В конце восьмидесятых - начале девяностых годов на здешних русских упорно навешивались ярлыки «мигрантов», «чемоданников» и т. д. Однако проведенные в это же время исследования показали: 43,4% всех опрошенных русских были уроженцами Эстонии, а свыше 80% прожили в Эстонии более 10 лет. И лишь около 7 процентов к тому времени прожили здесь менее 3-5 лет.

Любопытны данные еще одного социологического исследования — самосознание русских в Эстонии (апрель 1992 г.).

На вопрос - «Кем вы себя ощущаете?» - 50 процентов ответили, что гражданином Эстонии, 33 процента — гражданином СССР. Были среди предложенных вариантов и другие привязки, в том числе и такая, как «Русский житель Балтии». Все это объясняется тогдашними реалиями. Но в любом случае местная доминанта в самоощущении здешних русских очевидна.

Что касается предпочтений в вопросах выбора гражданства, то они таковы. 49 процентов опрошенных русских заявили, что остановились бы на эстонском подданстве, и лишь 12 процентов — на российском.

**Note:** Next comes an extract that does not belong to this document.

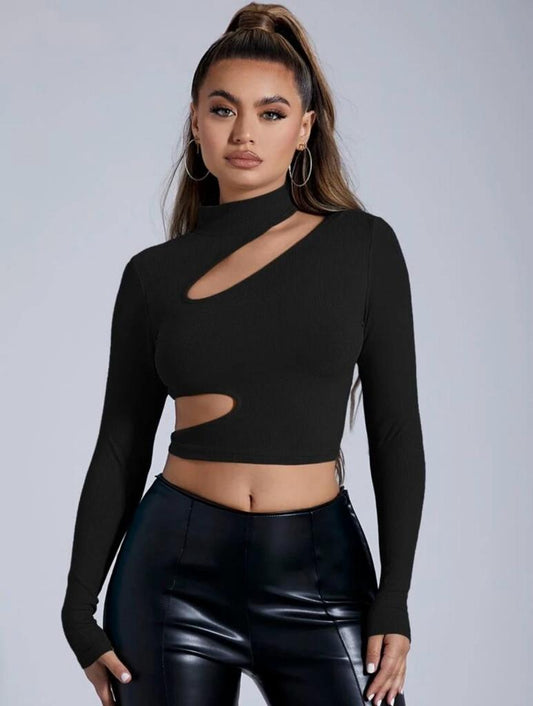 Stand Collar Cutout Crop Tee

Только 20 процентов живущих здесь сказали, что в случае принудительного выбора между гражданством Эстонии и какой-либо иной страны они отказались бы от эстонского гражданства. 38 процентов заявили, что оставили бы эстонское гражданство, а 40 процентов оказались в затруднении и сказали, что пришлось бы подумать.

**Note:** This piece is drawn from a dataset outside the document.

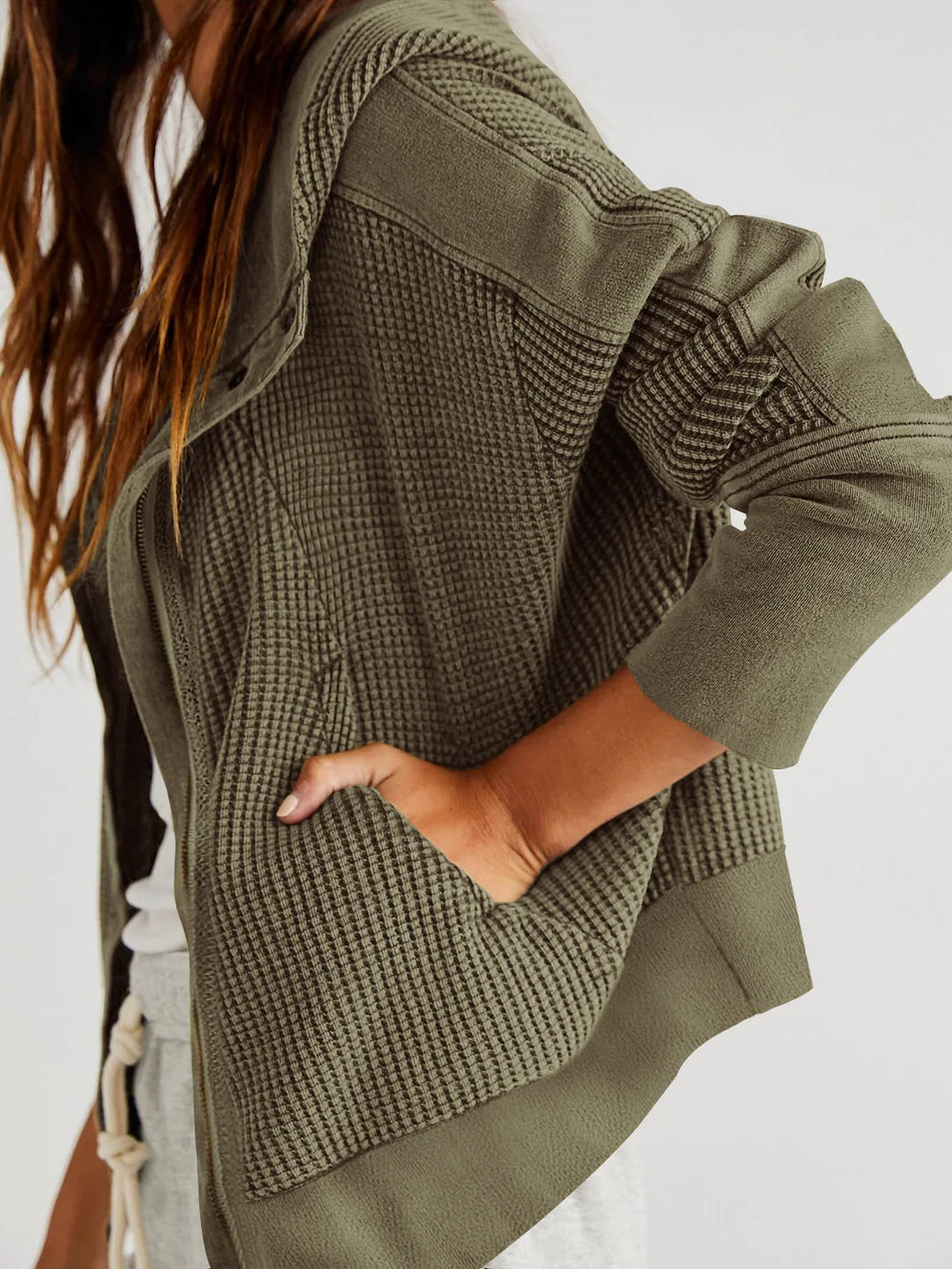 Women's Waffle Knit Zip Hoodie-7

В любом случае, все эти замеры умонастроений русских, проведенные в период восстановления эстонской государственности, убеждают в том, что тогда были налицо все предпосылки сделать здешних русских лояльными гражданами эстонского государства. При условии предоставления всем гражданам права участия в политическом процессе. Важные элементы сотрудничества между эстонцами и русскими, признают специалисты, сохранялись до 1990 года. А уже через год многие стали задаваться вопросом, а не идет ли страна к внутреннему этническому конфликту, который может вылиться в конфликт международный?

Страх перед тем, что бескровное противостояние может вылиться в открытый конфликт, и привел к тому, что по настоянию ряда государств Эстония пригласила сюда Миссию ОБСЕ.

Что же касается языковой проблемы, то принятый в январе 1989 года Закон о государственном языке подразумевал, что по истечении двух лет с момента принятия закона все занятые в сфере услуг и торговле будут обязаны знать два языка — эстонский и русский, а еще через два года все официальное делопроизводство будет переведено на эстонский язык. Сегодня уже ясно, что государство не смогло (или не захотело?) обеспечить выполнение этого закона ни через два, ни через десять лет. Хотя массовая запись на курсы эстонского в 1990-1991 гг. свидетельствует о том, что, как заметил один из западных наблюдателей, «многие русские склонны ассимилироваться в большей степени, чем желают их ассимилировать эстонцы». Поэтому обязательства властей в свете Закона о языке остаются в силе. Это надо помнить, как помнить и очень актуальную для нас истину. Логика национального государства, как бы привлекательна она ни была, опасна тем, что может увести в сторону от логики демократии.

Если смотреть на прошедшее десятилетие через призму проблем русского меньшинства, то это, по мнению профессора Рейна Руутсо, «во многих отношениях потерянное время».

Таагепера эти потери предвидел. Предвидел, что Эстонию покинет лишь небольшая часть так называемых «оккупантов» или «колонистов». Предвидел, что прежде всего это будут образованные и предприимчивые люди, которым есть куда ехать и на кого найдется спрос. В череде предсказаний-предупреждений много такого, чего одержимые идеей деколонизации национал-радикалы не захотели услышать. Кстати, прообраз программы интеграции был разработан в 1993 году, но тогдашним правительством (вспомните, кто одержал победу на выборах 1992 года) был отвергнут как опасный. Сегодня, потеряв по собственной вине столько лет, официальные власти пытаются этой самой программой козырять. И свести все проблемы прав русского меньшинства к одной-единственной — языковой.